We stayed at Fitzpatrick Family Castle several years ago and loved it. You can buy a multi-day Pass and use the light rail into Dublin. We did the Hop-on-Hop--off to get a feel for Dublin. They use to have a very good Sunday Brunch in the Castle. We were a few minutes early for the Brunch at got a walk through with the Chef. If you like woven goods then Avoca is a nice place to visit. You can spend days and days in Dublin. Plus at least one day in just Dalkey.


----------



## melissy123 (Feb 10, 2017)

This is so great.  Thank you Conan.  Will definitely use this on our trip next year.  Wish someone would do the same for the Scottish Highlands, where I do have something matched up.  Now waiting for the Fitzpatrick Castle to match up.


----------



## dsmrp (Feb 10, 2017)

Conan said:


> I'd overlooked this thread until now - - thanks for bringing it to life!
> 
> Great timing, since I'm putting together a plan for a visit this Fall.
> 
> ...



Thanks for the list; I haven't really started planning where I wanted to go, except Dublin and Waterford LOL.
I was thinking of taking a day trip down to Waterford to tour the crystal factory etc.
Does anyone recommend it?


----------



## Gracey (Feb 11, 2017)

If one doesn't have a car can you walk to the rail station from the Fitzpatrick?  Is there organized day tours you can take from there?


----------



## beejaybeeohio (Feb 12, 2017)

The staff at Fitzpatrick's are very helpful.  I suggest you contact them (info@FCHH.ie) with specific questions.
Here is website for Waterford: https://www.waterfordvisitorcentre.com/. We've not toured there but did enjoy the Swaroski factory tour in Austria.  You might combine a day trip to Waterford with Kilkenny.
I believe that organized day tours depart from Dublin, unless you book a private tour that can pick up/return to Fitzpatrick's


----------



## geist1223 (Feb 12, 2017)

We both walked to the Lighthouse Rail and drove. The walk ba c know up the hill can be a challenge for anyone with Mobility issues. Parking near the Station can be a challenge. We only took one tour and it picked us up at Fitzpatrick.


----------



## dsmrp (Feb 13, 2017)

beejaybeeohio said:


> The staff at Fitzpatrick's are very helpful.  I suggest you contact them (info@FCHH.ie) with specific questions.
> Here is website for Waterford: https://www.waterfordvisitorcentre.com/. We've not toured there but did enjoy the Swaroski factory tour in Austria.  You might combine a day trip to Waterford with Kilkenny.
> I believe that organized day tours depart from Dublin, unless you book a private tour that can pick up/return to Fitzpatrick's



Thanks for the info.
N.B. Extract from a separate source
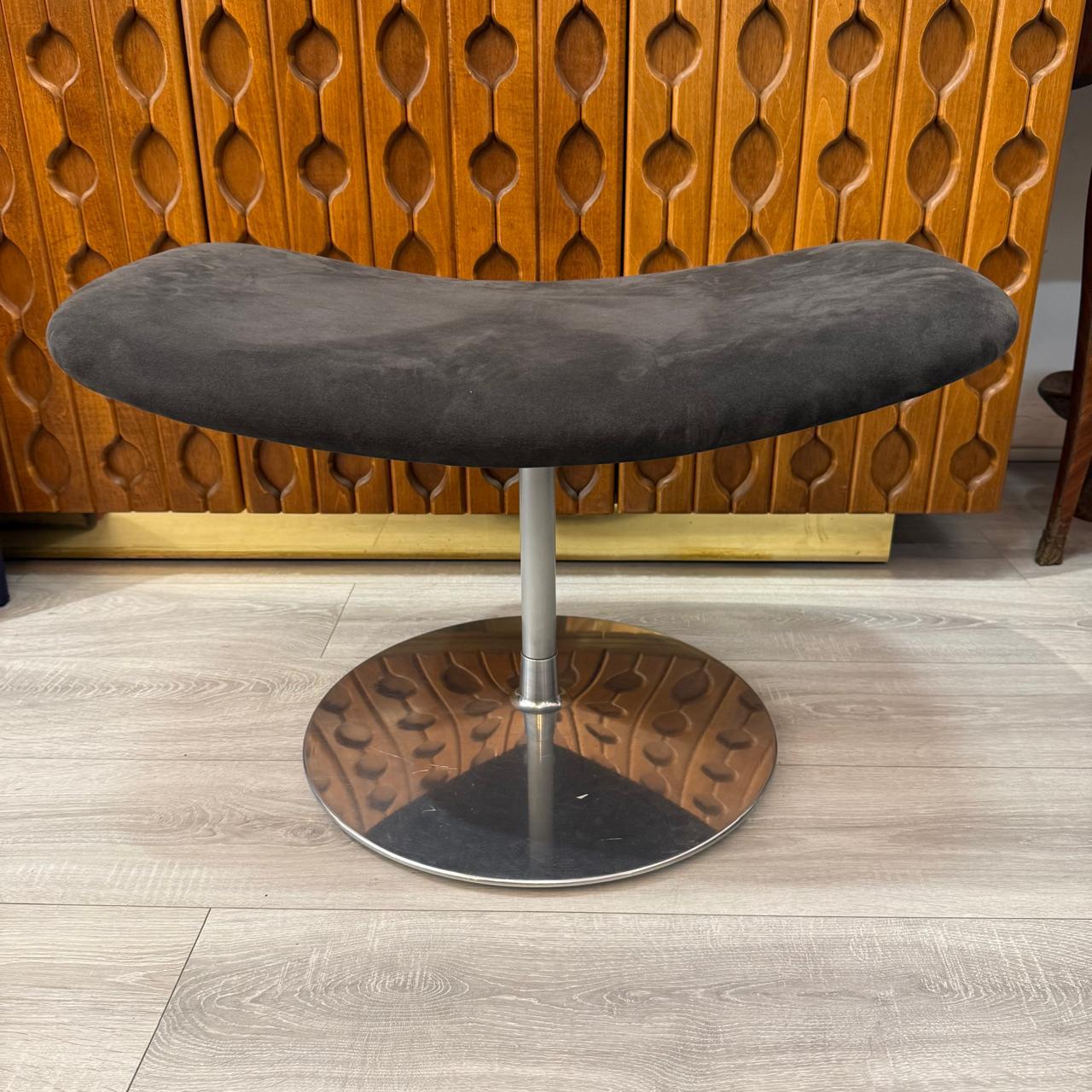 Fauteuil Tulipe Modèle F545 de Pierre Paulin, publié par Artifort, vers 1970 en vente 10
Looking at website, I do want to go to Waterford for the tour.
DH rolls his eyes  LOL, cause he knows I'll want to get their 'breakable' stuff for him to hand carry back to the states.


----------



## silentg (Feb 14, 2017)

They will ship it home that is what we did.


----------



## silentg (Feb 14, 2017)

My week is available for rent this year Week 23 Corrib2 June 10-17. The resort is handling the rental
Fitzpatrickscastleholidayhomes.
Silentg


----------



## Gracey (Feb 14, 2017)

Thanks for the info!


----------



## geist1223 (Feb 14, 2017)

When buying Waterford double check and make sure it is Waterford made in Ireland and not Eastern Europe. Several years ago Waterfird went into Receivership (Bankruptcy in the USA). A group of Investors primarily from New York bought the name and formula for the chrystal. They move the primary manufactoring to Eastern Europe. Some of the manufactoring has mover back to Waterford Ireland.


----------



## dsmrp (Feb 16, 2017)

geist1223 said:


> When buying Waterford double check and make sure it is Waterford made in Ireland and not Eastern Europe. Several years ago Waterfird went into Receivership (Bankruptcy in the USA). A group of Investors primarily from New York bought the name and formula for the chrystal. They move the primary manufactoring to Eastern Europe. Some of the manufactoring has mover back to Waterford Ireland.



Thanks, did not know this...


----------